* HOW TO COMPLETE THIS TASK: In your copy of the listing below, reproduce each word exactly and include no pictures.
DATA TO USE section start
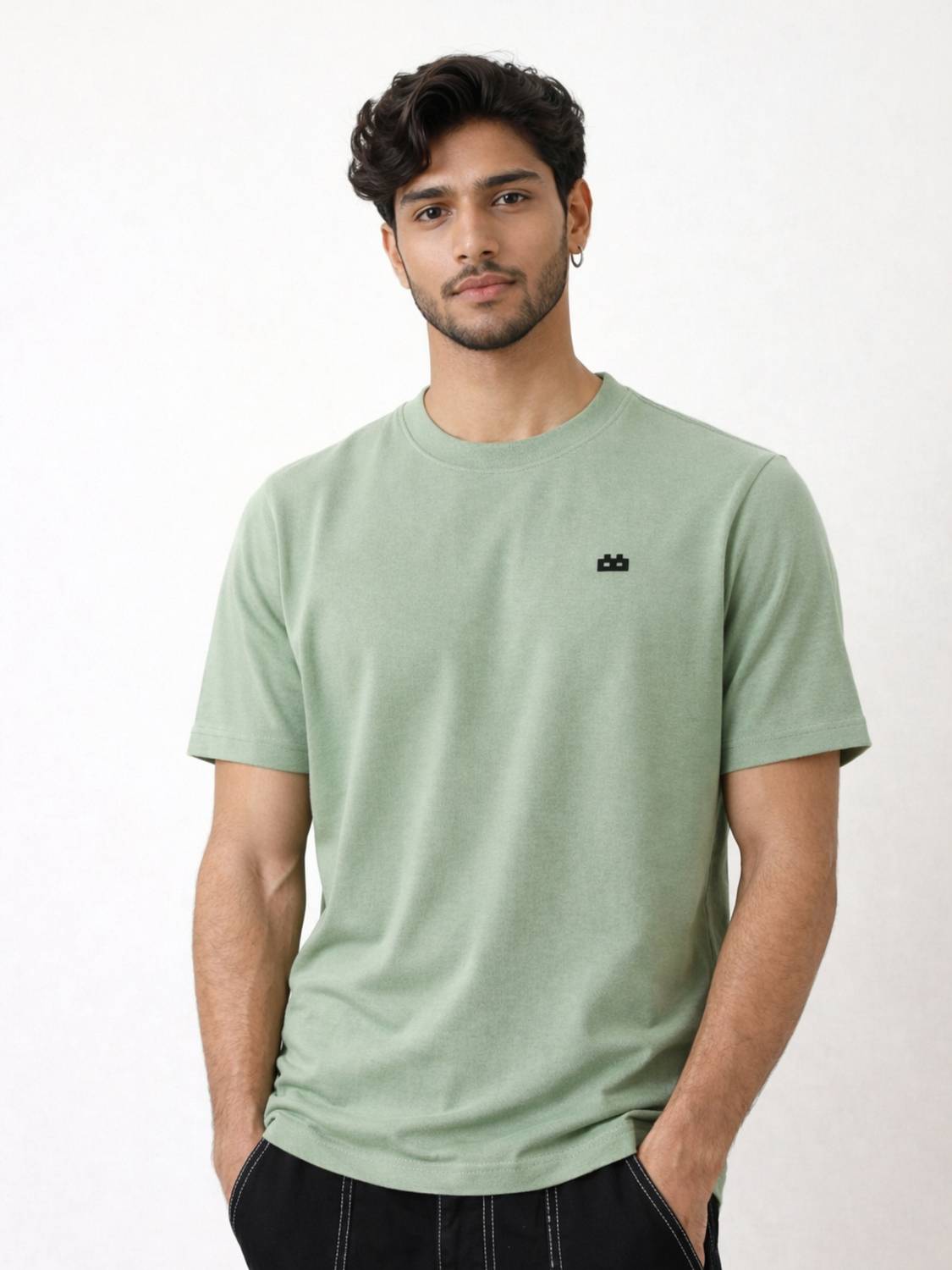 Boxy Crew Solid Men Round Neck Light Green T-Shirt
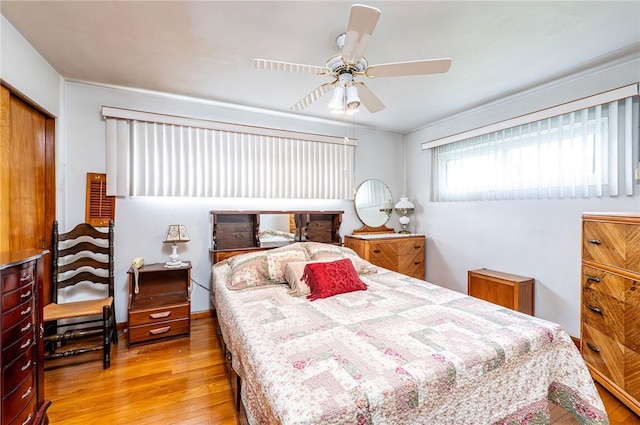 642 Washington St, Fairfield Twp, PA 15923 - bedroom featuring light wood-type flooring, a closet, and a ceiling fan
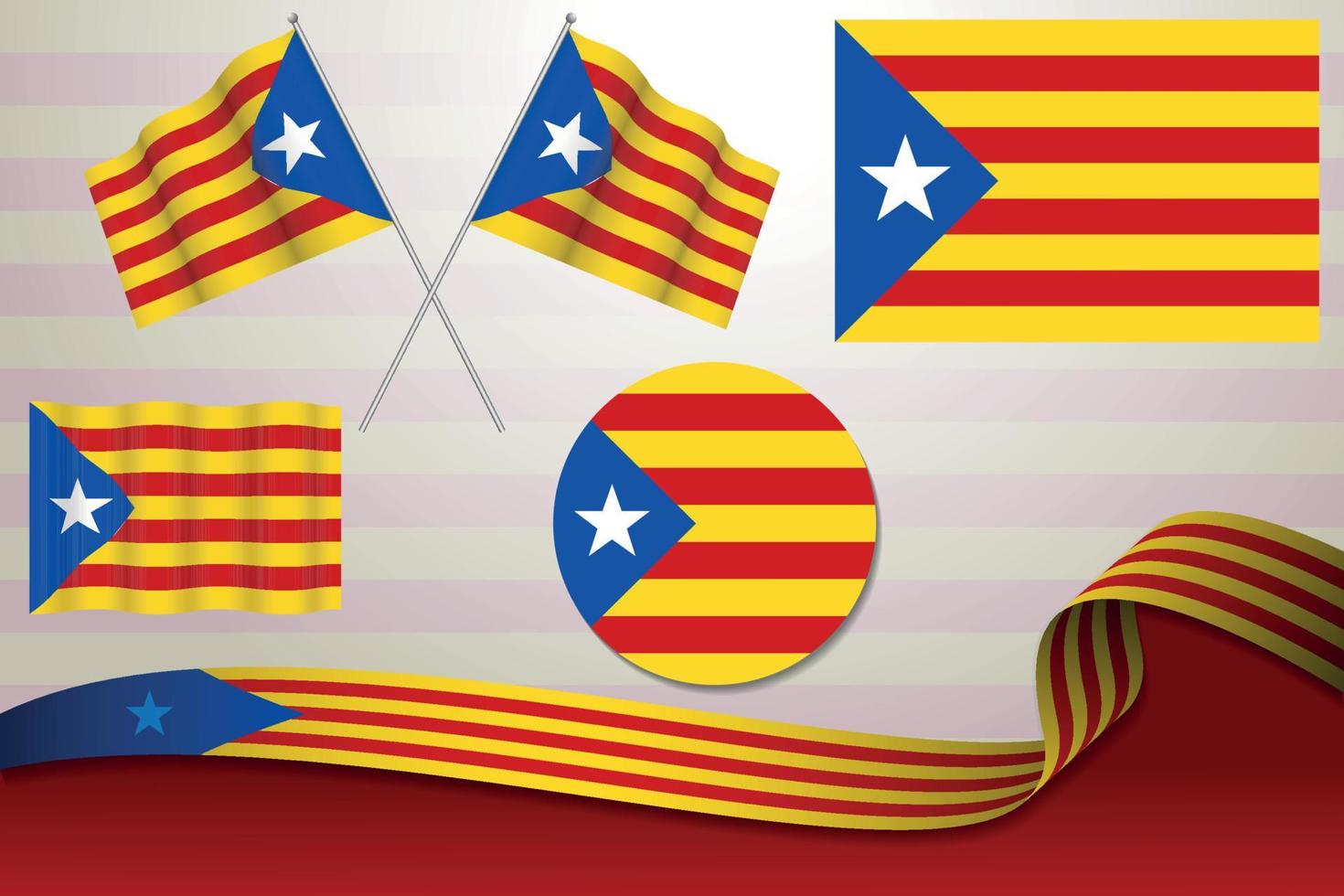 Set Of Catalonia Flags In Different Designs, Icon, Flaying Flags With ribbon With Background. vector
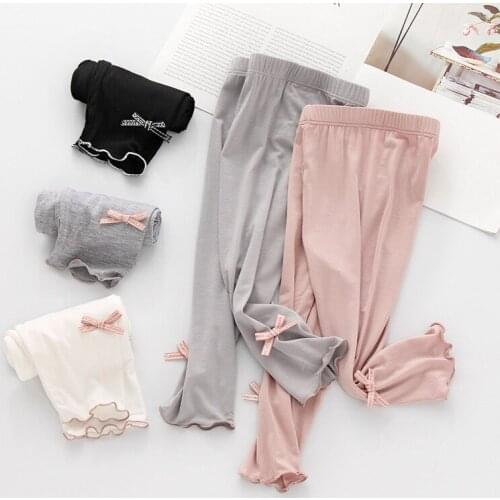Summer Girls Leggings Childrens Cropped Pants 2021 Summer Baby Girls Skinny Leggins Clothing Kids Cropped Pants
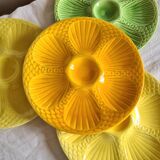 Digoin Sarreguemines oyster plates in slip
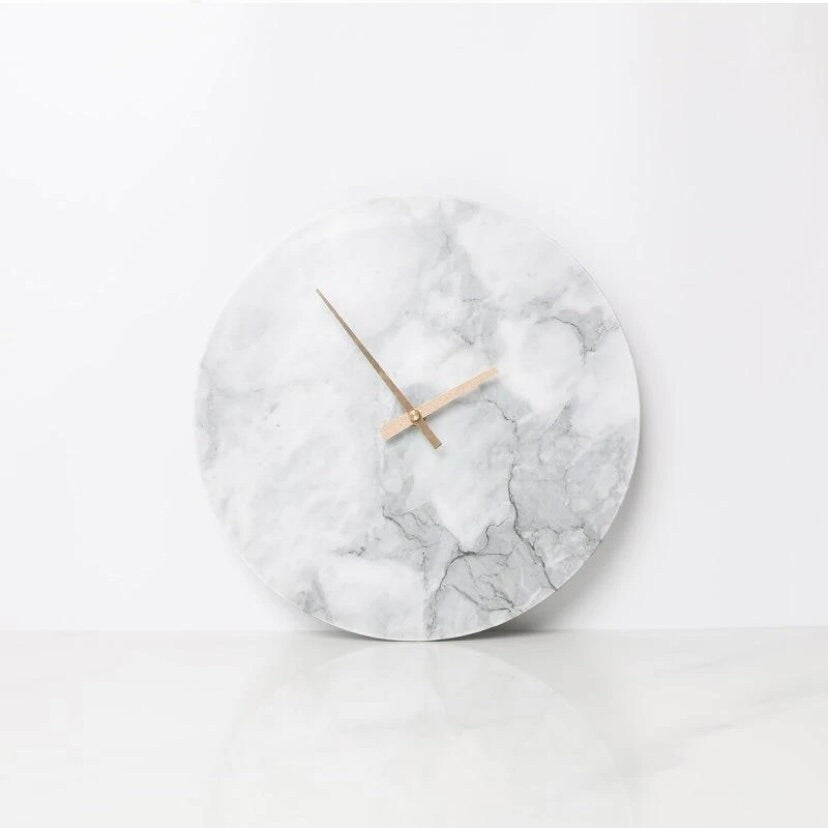 White Abstract Alcoholic Ink Wall Clock For Home Decor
DATA TO USE section end
* EXERCISE RESPONSE:
 Boxy Crew Solid Men Round Neck Light Green T-Shirt
 642 Washington St, Fairfield Twp, PA 15923 - bedroom featuring light wood-type flooring, a closet, and a ceiling fan
 Set Of Catalonia Flags In Different Designs, Icon, Flaying Flags With ribbon With Background. vector
Summer Girls Leggings Childrens Cropped Pants 2021 Summer Baby Girls Skinny Leggins Clothing Kids Cropped Pants
 Digoin Sarreguemines oyster plates in slip
 White Abstract Alcoholic Ink Wall Clock For Home Decor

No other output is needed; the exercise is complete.